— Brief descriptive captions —
BEGIN
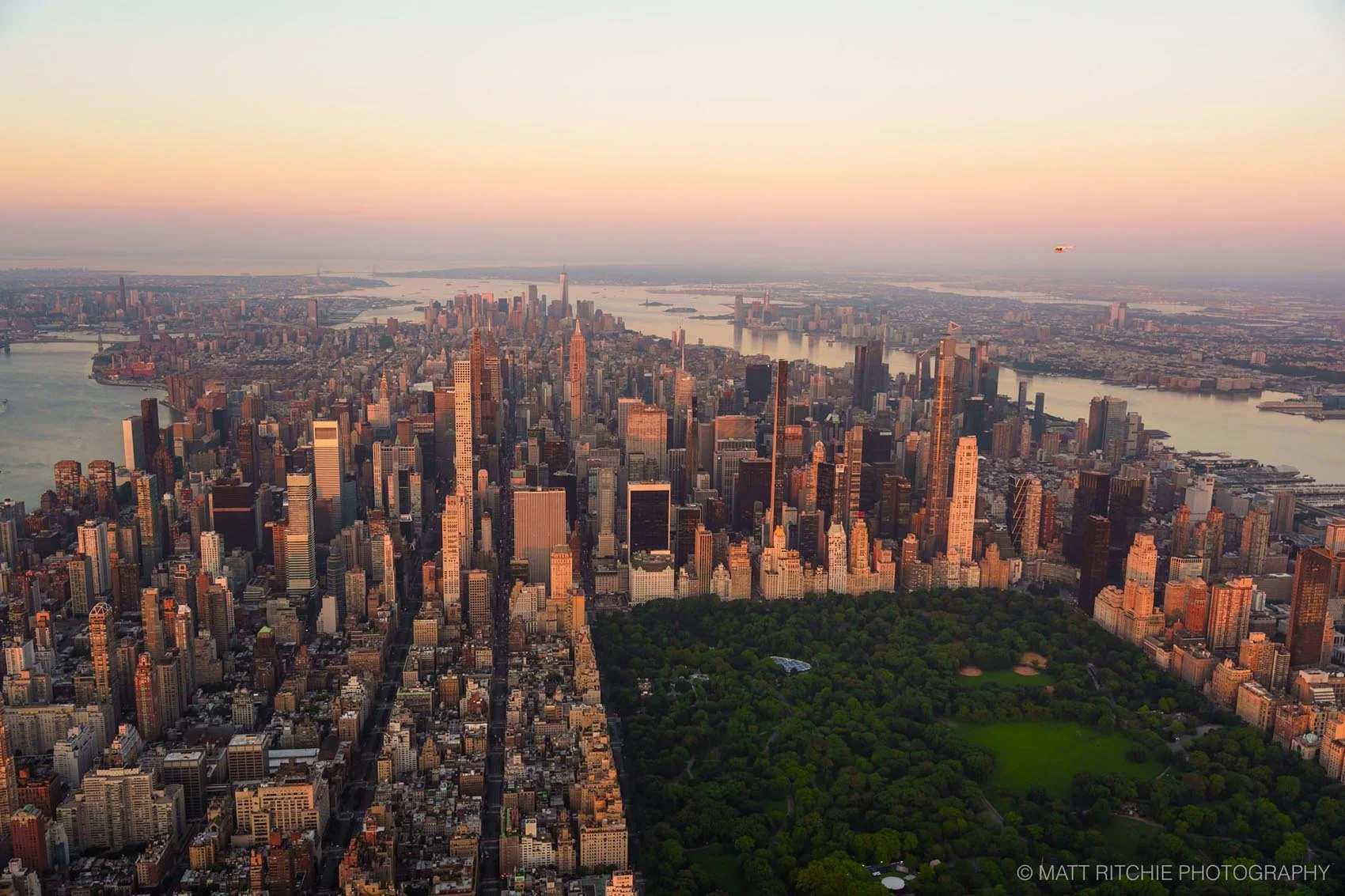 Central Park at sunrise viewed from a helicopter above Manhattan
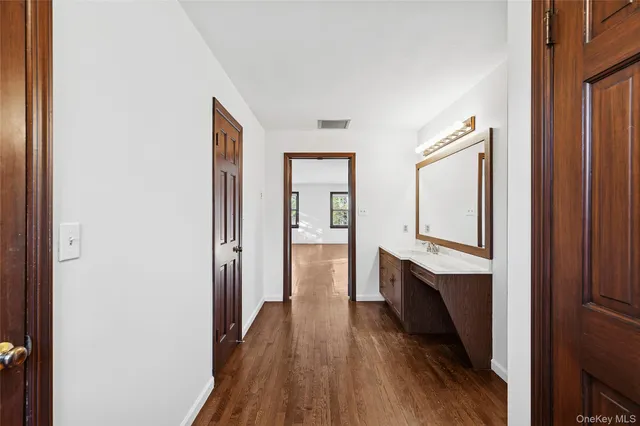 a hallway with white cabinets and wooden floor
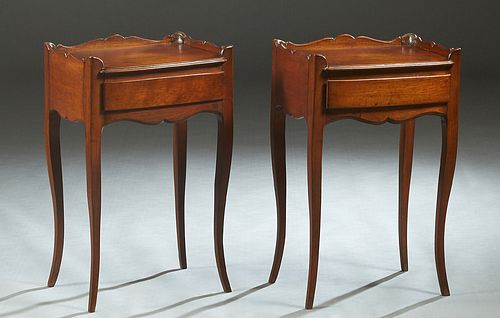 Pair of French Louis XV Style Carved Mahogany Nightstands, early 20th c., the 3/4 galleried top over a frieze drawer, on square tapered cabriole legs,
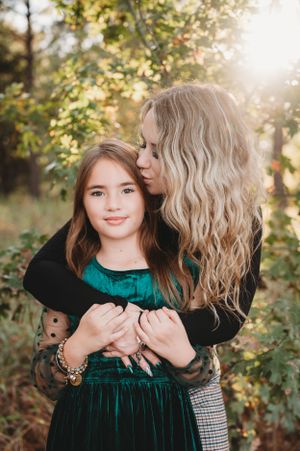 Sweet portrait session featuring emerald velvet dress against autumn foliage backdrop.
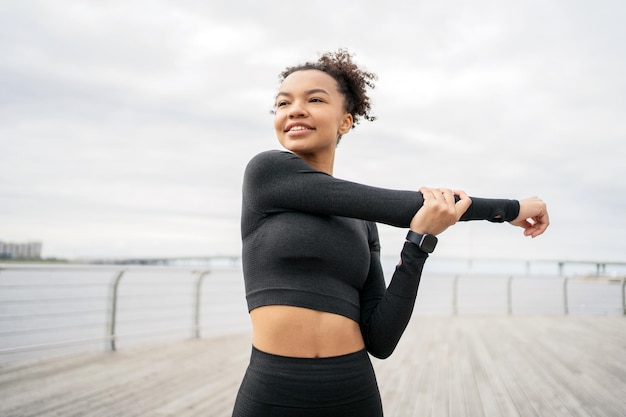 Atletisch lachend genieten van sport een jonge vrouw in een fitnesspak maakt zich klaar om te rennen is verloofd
END
— WORK REQUEST —
Write out exactly the run of lines above that starts at the line containing "Pair of French" and ends at the line containing "Sweet portrait session". Include both, and leave the pictures out.

— RESULT OF THIS EXERCISE —
 Pair of French Louis XV Style Carved Mahogany Nightstands, early 20th c., the 3/4 galleried top over a frieze drawer, on square tapered cabriole legs,
 Sweet portrait session featuring emerald velvet dress against autumn foliage backdrop.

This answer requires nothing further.